§ Data provided
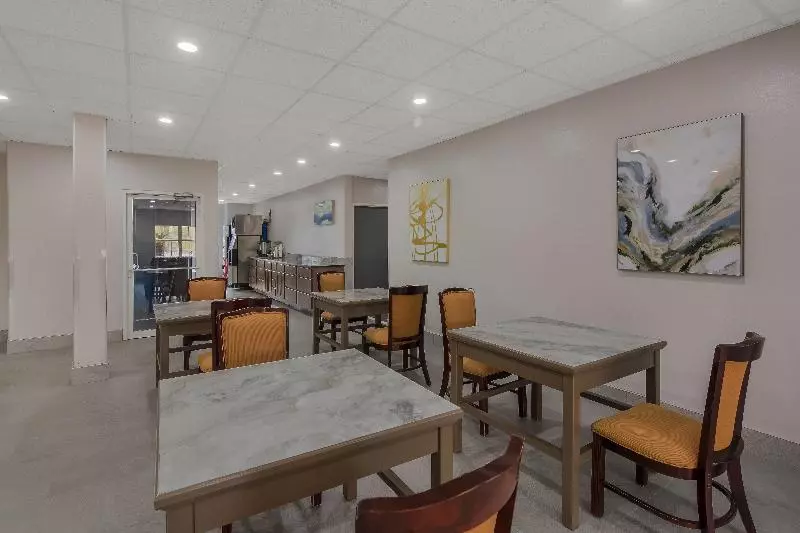 Отель Americas Best Value Inn And Suites Lake Charles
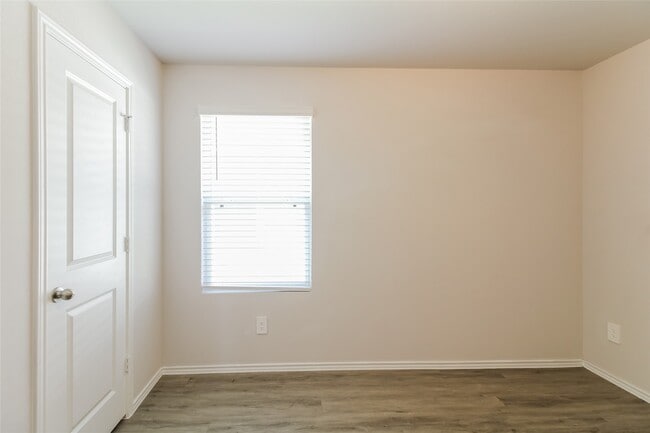 Building Photo - 13446 Musky Dr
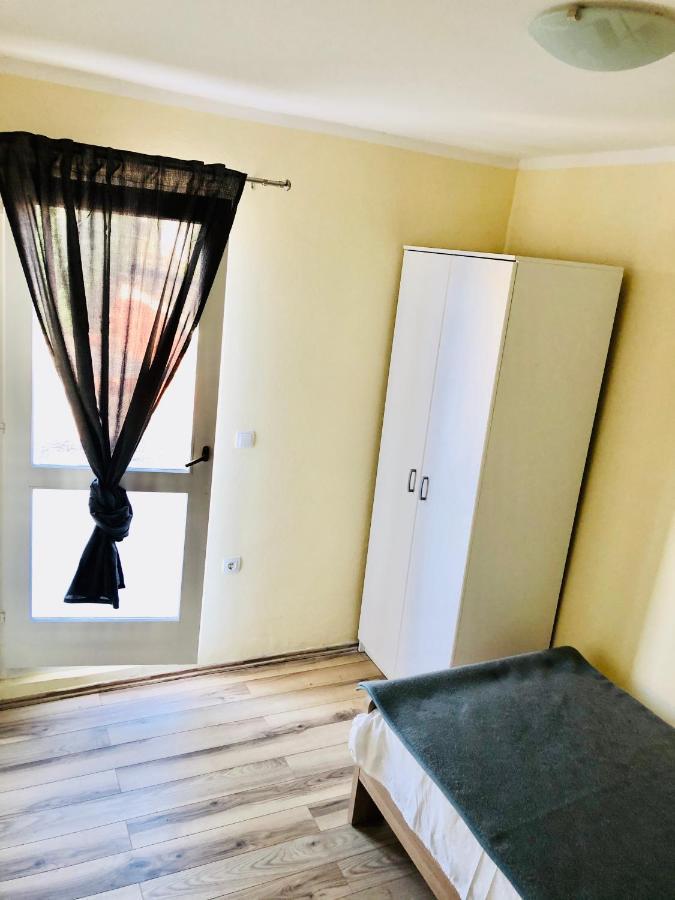 Apartmani Veronika Sukosan Exterior photo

§ Work instructions
Drop the images; restate the listing exactly.

§ Expected answer
 Отель Americas Best Value Inn And Suites Lake Charles
 Building Photo - 13446 Musky Dr
 Apartmani Veronika Sukosan Exterior photo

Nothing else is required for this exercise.